* Exercise details *
In the copy of these records, include no pictures and change nothing else.

Image-text web data:
● ● ● ●
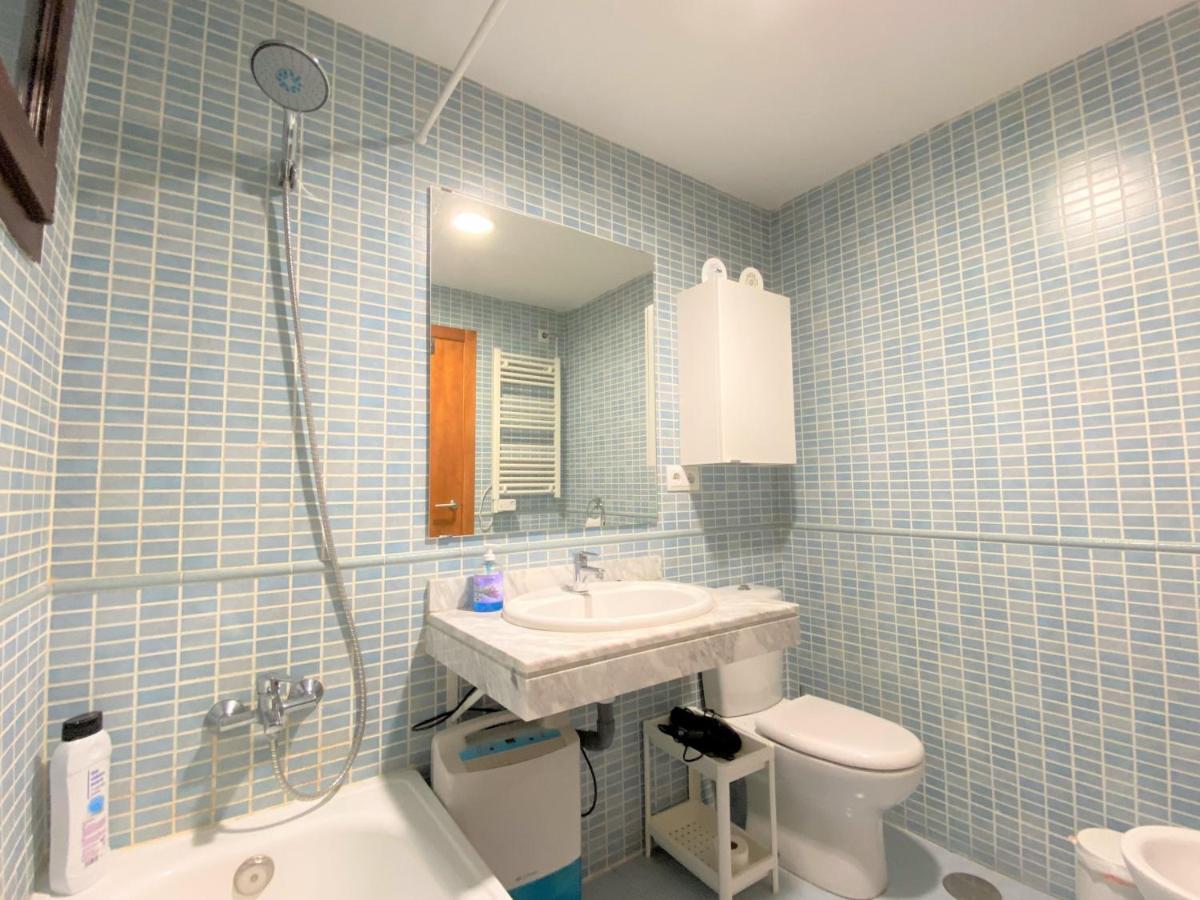 Comfortable Ski Apartment Close To Slopes And Chairlift Wifi&Parking Sierra Nevada Ngoại thất bức ảnh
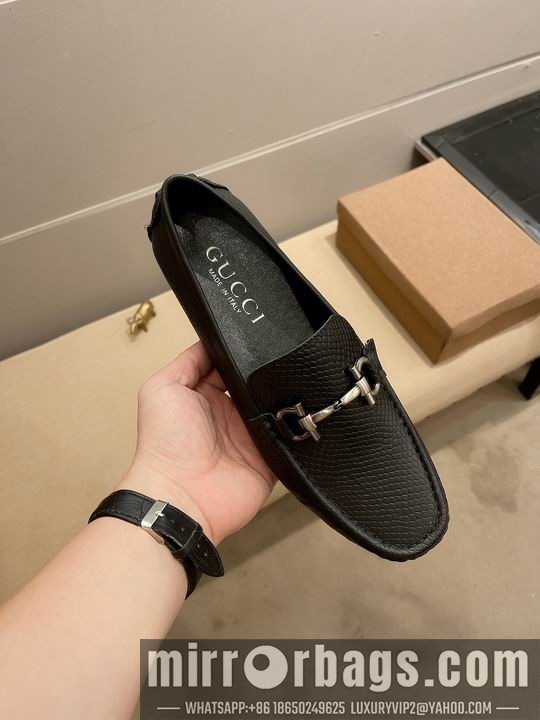 Gucci Replica Shoes sz37-45 mnh1015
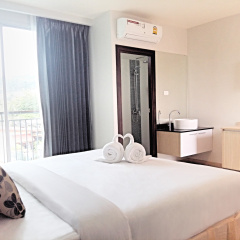 The Wings Boutique Hotel - Bild 12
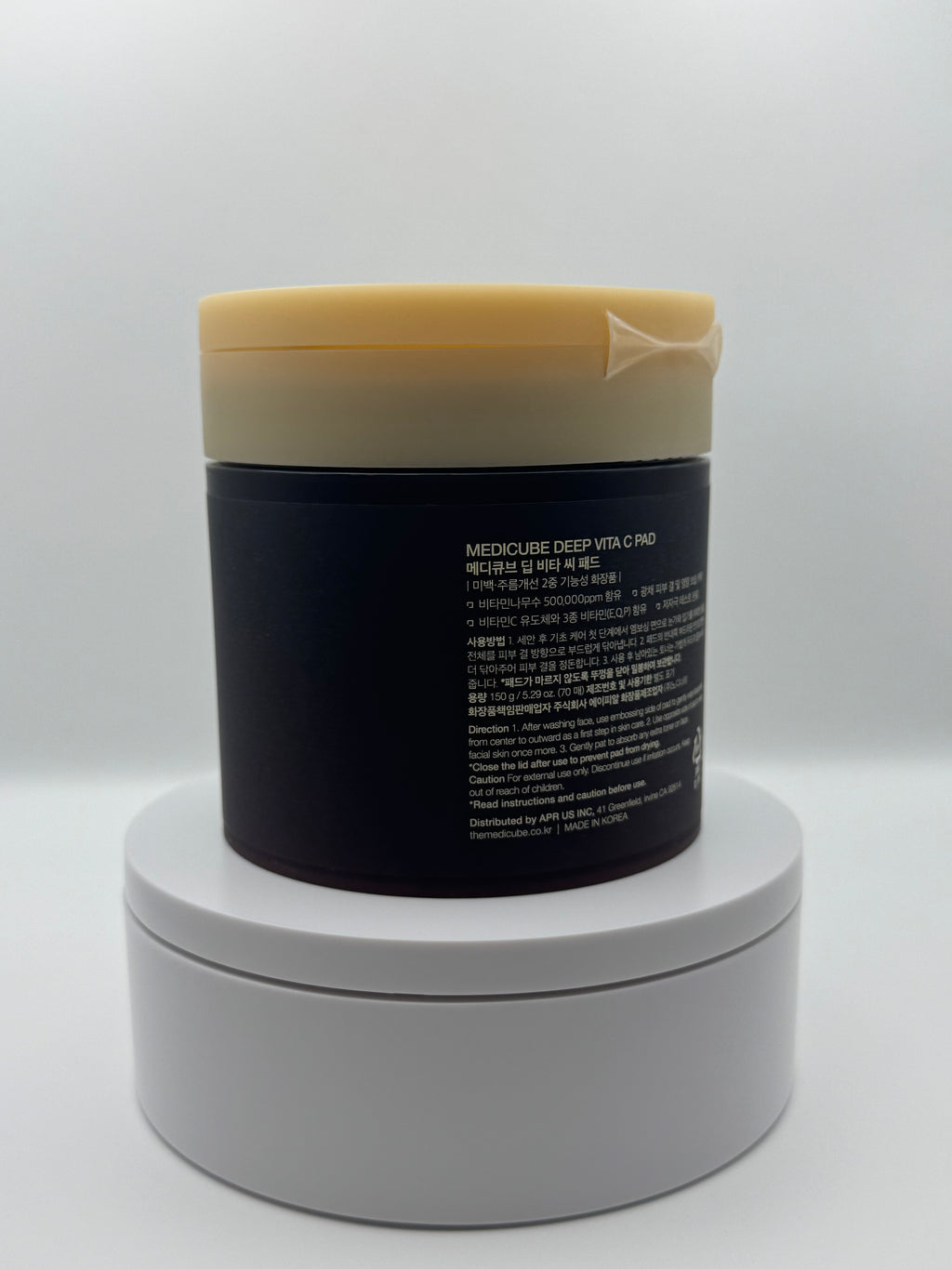Medicube Vita C Serum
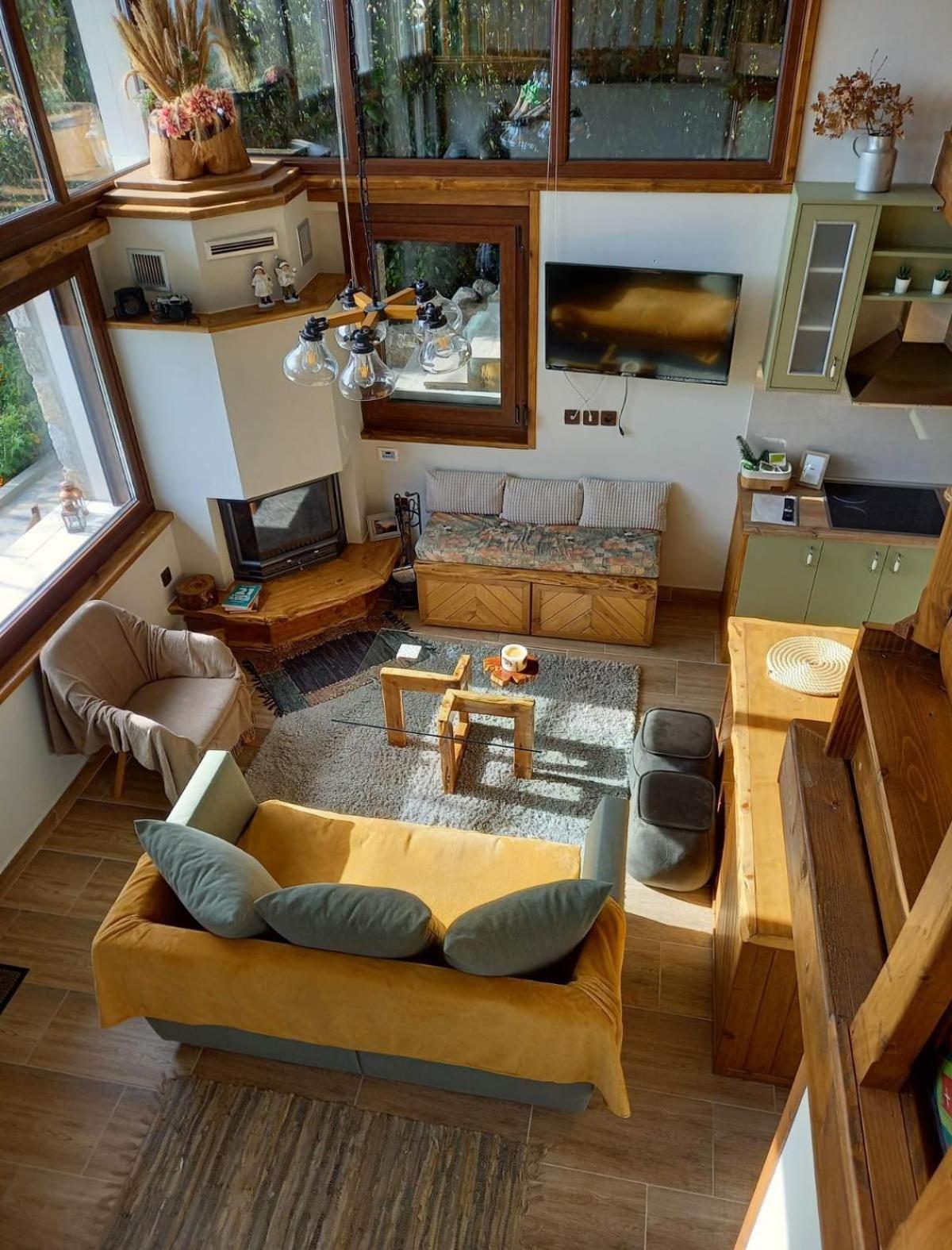 Herme's Hut Holiday home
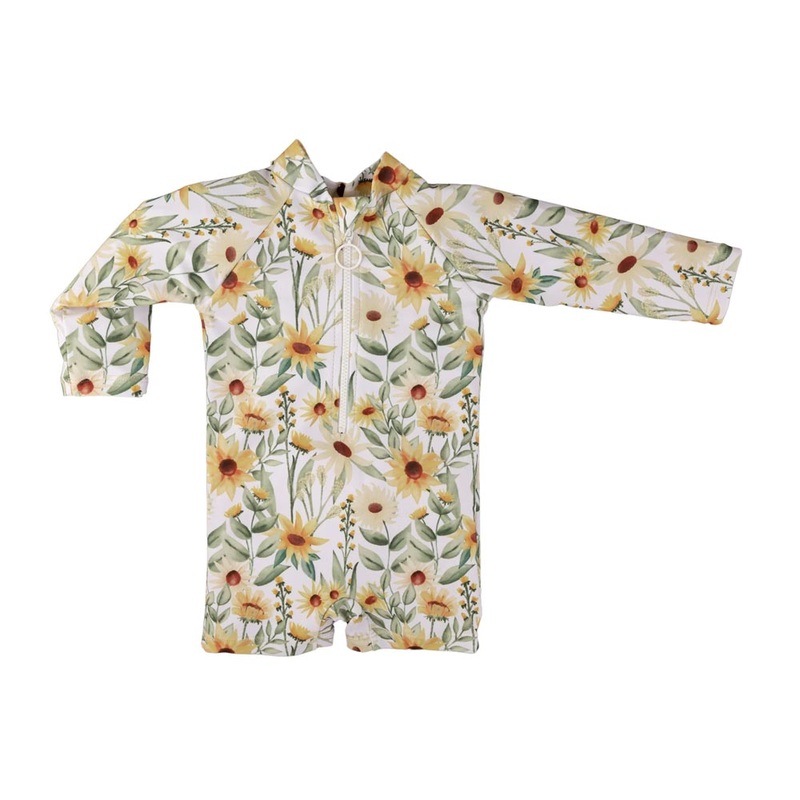 Current Tyed Sunsuit – The Brooklyn 3m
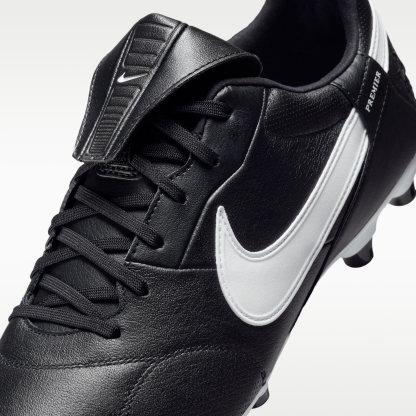 Nike Premier 3 - Μαύρο/Λευκό (HM0265-002) - 8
● ● ● ●
* Your response *
 Comfortable Ski Apartment Close To Slopes And Chairlift Wifi&Parking Sierra Nevada Ngoại thất bức ảnh
 Gucci Replica Shoes sz37-45 mnh1015
 The Wings Boutique Hotel - Bild 12
Medicube Vita C Serum
 Herme's Hut Holiday home
 Current Tyed Sunsuit – The Brooklyn 3m
 Nike Premier 3 - Μαύρο/Λευκό (HM0265-002) - 8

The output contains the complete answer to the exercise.